:: EXERCISE REQUIREMENTS ::
Retype all of the data that follows, line for line.

"""

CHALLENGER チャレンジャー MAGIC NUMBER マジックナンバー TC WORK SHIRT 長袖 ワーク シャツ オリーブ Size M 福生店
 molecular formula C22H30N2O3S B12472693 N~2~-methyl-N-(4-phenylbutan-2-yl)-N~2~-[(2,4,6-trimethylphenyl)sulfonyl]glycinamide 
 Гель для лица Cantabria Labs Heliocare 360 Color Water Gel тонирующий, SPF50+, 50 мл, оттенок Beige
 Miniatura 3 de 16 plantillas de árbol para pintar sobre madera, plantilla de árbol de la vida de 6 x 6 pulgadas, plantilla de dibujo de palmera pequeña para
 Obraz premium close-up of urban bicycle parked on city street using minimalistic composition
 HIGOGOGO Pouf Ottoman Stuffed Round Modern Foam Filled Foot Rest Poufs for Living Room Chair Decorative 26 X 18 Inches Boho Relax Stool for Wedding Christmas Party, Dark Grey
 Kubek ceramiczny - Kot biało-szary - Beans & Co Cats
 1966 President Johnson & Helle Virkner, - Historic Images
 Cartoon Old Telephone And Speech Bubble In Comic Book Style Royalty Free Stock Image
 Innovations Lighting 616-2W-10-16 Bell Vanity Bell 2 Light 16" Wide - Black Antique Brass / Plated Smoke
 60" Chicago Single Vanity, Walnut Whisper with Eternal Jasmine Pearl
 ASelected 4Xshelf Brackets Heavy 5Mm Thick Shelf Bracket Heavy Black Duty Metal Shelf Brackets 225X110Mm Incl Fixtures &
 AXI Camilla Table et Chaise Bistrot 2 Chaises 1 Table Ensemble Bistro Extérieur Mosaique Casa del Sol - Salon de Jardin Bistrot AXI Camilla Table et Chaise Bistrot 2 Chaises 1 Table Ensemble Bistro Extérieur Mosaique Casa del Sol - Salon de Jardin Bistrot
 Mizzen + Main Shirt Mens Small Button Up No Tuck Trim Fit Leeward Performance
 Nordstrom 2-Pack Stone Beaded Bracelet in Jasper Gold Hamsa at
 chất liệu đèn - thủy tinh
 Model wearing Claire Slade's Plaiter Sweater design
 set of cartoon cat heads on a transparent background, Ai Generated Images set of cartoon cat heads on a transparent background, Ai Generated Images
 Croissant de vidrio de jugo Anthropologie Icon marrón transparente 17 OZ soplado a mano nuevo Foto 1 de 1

"""

:: OUTPUT OF THE EXERCISE ::
CHALLENGER チャレンジャー MAGIC NUMBER マジックナンバー TC WORK SHIRT 長袖 ワーク シャツ オリーブ Size M 福生店
 molecular formula C22H30N2O3S B12472693 N~2~-methyl-N-(4-phenylbutan-2-yl)-N~2~-[(2,4,6-trimethylphenyl)sulfonyl]glycinamide 
 Гель для лица Cantabria Labs Heliocare 360 Color Water Gel тонирующий, SPF50+, 50 мл, оттенок Beige
 Miniatura 3 de 16 plantillas de árbol para pintar sobre madera, plantilla de árbol de la vida de 6 x 6 pulgadas, plantilla de dibujo de palmera pequeña para
 Obraz premium close-up of urban bicycle parked on city street using minimalistic composition
 HIGOGOGO Pouf Ottoman Stuffed Round Modern Foam Filled Foot Rest Poufs for Living Room Chair Decorative 26 X 18 Inches Boho Relax Stool for Wedding Christmas Party, Dark Grey
 Kubek ceramiczny - Kot biało-szary - Beans & Co Cats
 1966 President Johnson & Helle Virkner, - Historic Images
 Cartoon Old Telephone And Speech Bubble In Comic Book Style Royalty Free Stock Image
 Innovations Lighting 616-2W-10-16 Bell Vanity Bell 2 Light 16" Wide - Black Antique Brass / Plated Smoke
 60" Chicago Single Vanity, Walnut Whisper with Eternal Jasmine Pearl
 ASelected 4Xshelf Brackets Heavy 5Mm Thick Shelf Bracket Heavy Black Duty Metal Shelf Brackets 225X110Mm Incl Fixtures &
 AXI Camilla Table et Chaise Bistrot 2 Chaises 1 Table Ensemble Bistro Extérieur Mosaique Casa del Sol - Salon de Jardin Bistrot AXI Camilla Table et Chaise Bistrot 2 Chaises 1 Table Ensemble Bistro Extérieur Mosaique Casa del Sol - Salon de Jardin Bistrot
 Mizzen + Main Shirt Mens Small Button Up No Tuck Trim Fit Leeward Performance
 Nordstrom 2-Pack Stone Beaded Bracelet in Jasper Gold Hamsa at
 chất liệu đèn - thủy tinh
 Model wearing Claire Slade's Plaiter Sweater design
 set of cartoon cat heads on a transparent background, Ai Generated Images set of cartoon cat heads on a transparent background, Ai Generated Images
 Croissant de vidrio de jugo Anthropologie Icon marrón transparente 17 OZ soplado a mano nuevo Foto 1 de 1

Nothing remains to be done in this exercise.